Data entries

--- --- ---

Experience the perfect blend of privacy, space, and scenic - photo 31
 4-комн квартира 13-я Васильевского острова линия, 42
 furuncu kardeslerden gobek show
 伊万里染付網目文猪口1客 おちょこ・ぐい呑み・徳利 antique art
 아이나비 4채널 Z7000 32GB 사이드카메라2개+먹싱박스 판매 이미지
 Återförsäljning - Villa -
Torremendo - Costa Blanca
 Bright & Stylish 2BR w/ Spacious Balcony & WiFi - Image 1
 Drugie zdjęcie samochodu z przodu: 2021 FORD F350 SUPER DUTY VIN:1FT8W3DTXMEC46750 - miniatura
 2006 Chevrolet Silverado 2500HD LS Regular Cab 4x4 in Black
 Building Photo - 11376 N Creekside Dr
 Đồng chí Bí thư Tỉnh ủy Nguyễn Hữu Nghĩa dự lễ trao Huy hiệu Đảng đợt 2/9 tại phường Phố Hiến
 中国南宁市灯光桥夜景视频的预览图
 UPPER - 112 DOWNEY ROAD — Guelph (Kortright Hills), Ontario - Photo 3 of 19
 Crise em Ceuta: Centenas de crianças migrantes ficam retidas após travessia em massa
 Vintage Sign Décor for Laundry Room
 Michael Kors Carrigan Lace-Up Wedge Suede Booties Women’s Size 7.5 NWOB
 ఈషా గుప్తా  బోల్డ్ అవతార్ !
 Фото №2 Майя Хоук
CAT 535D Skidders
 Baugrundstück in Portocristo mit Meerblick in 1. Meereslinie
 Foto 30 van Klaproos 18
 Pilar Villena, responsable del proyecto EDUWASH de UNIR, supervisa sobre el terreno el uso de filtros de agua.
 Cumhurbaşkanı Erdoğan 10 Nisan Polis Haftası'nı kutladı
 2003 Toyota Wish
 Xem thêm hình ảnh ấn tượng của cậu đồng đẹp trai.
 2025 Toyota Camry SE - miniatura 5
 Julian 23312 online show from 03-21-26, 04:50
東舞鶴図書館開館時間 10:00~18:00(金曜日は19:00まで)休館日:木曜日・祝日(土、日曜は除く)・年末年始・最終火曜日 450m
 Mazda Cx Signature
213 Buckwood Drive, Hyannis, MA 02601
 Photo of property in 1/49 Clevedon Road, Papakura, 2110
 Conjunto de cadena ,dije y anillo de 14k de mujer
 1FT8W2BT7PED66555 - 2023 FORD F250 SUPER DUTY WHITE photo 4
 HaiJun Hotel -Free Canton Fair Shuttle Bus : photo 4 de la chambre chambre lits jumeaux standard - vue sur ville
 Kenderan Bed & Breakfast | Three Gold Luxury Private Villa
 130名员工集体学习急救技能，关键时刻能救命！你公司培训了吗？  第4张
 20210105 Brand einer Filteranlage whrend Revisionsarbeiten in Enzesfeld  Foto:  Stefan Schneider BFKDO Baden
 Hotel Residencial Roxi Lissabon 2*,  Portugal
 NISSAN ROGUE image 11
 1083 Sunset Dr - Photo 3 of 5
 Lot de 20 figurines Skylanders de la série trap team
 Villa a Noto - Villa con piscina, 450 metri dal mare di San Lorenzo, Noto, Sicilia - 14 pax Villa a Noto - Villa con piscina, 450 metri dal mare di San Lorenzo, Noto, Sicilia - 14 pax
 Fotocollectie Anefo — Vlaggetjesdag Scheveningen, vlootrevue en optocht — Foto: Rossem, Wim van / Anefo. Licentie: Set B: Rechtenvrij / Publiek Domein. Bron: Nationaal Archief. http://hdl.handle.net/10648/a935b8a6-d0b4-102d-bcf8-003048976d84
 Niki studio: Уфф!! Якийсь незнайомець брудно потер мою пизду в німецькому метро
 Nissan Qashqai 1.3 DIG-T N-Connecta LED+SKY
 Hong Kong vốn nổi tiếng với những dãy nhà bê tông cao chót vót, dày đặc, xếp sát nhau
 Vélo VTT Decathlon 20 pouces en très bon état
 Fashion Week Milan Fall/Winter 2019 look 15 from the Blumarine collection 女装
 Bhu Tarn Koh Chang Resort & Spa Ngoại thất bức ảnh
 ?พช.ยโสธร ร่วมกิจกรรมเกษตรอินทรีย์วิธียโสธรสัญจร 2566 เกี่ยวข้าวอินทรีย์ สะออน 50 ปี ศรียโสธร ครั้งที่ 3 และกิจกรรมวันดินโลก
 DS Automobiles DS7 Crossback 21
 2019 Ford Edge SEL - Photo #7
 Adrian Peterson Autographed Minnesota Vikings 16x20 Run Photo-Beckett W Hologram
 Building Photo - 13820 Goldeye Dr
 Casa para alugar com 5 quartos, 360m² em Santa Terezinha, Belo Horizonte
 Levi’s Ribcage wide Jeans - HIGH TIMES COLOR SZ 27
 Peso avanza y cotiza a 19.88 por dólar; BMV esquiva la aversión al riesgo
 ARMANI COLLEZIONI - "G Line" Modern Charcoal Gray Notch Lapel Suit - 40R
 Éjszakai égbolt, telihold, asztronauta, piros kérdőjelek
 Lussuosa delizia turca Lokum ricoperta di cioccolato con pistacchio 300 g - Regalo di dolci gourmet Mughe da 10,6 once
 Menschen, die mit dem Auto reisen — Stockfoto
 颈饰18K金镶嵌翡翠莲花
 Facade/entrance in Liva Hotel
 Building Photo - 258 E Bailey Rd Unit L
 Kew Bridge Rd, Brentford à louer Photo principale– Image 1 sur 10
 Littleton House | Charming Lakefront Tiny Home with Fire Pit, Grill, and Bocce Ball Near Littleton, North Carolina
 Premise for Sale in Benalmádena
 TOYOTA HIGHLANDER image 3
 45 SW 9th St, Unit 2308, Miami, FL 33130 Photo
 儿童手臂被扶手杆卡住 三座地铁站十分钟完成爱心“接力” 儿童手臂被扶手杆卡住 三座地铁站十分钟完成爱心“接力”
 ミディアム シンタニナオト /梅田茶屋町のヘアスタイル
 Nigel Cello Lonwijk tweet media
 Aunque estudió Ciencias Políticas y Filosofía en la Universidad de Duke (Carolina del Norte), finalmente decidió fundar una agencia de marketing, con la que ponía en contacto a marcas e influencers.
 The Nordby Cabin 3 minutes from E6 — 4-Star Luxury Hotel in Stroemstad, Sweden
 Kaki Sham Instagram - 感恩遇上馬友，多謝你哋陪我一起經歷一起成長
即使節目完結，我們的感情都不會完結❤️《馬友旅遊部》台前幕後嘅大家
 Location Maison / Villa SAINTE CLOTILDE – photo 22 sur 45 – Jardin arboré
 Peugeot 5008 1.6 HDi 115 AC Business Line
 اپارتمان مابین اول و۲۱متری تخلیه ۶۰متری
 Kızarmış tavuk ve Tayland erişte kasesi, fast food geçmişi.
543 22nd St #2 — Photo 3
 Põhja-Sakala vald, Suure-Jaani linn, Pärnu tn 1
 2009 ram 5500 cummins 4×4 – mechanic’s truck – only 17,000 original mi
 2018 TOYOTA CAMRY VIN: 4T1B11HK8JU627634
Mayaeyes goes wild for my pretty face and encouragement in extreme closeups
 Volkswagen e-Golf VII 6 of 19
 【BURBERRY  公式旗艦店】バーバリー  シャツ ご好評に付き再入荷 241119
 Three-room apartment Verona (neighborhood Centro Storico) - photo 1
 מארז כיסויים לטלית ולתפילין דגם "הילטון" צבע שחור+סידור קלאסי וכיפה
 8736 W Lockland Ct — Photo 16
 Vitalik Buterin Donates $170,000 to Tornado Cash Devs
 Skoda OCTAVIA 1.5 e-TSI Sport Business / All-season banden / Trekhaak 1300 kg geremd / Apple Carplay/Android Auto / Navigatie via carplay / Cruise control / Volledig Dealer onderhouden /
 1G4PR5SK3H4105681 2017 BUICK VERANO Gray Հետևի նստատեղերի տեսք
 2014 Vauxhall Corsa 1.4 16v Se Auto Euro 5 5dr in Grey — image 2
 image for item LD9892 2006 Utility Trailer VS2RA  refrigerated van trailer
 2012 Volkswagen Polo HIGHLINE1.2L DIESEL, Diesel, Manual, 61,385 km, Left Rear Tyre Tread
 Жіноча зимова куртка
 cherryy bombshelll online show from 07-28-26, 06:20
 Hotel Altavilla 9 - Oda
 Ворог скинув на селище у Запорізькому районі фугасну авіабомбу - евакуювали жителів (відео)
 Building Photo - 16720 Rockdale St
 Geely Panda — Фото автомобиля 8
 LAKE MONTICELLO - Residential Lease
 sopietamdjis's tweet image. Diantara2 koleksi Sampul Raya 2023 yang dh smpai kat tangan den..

--- --- ---

# [EXERCISE]
Wherever the string "from" occurs in the records, copy the line it is in.

# [RESULT OF THE EXERCISE]
 Julian 23312 online show from 03-21-26, 04:50
 Fashion Week Milan Fall/Winter 2019 look 15 from the Blumarine collection 女装
 The Nordby Cabin 3 minutes from E6 — 4-Star Luxury Hotel in Stroemstad, Sweden
 cherryy bombshelll online show from 07-28-26, 06:20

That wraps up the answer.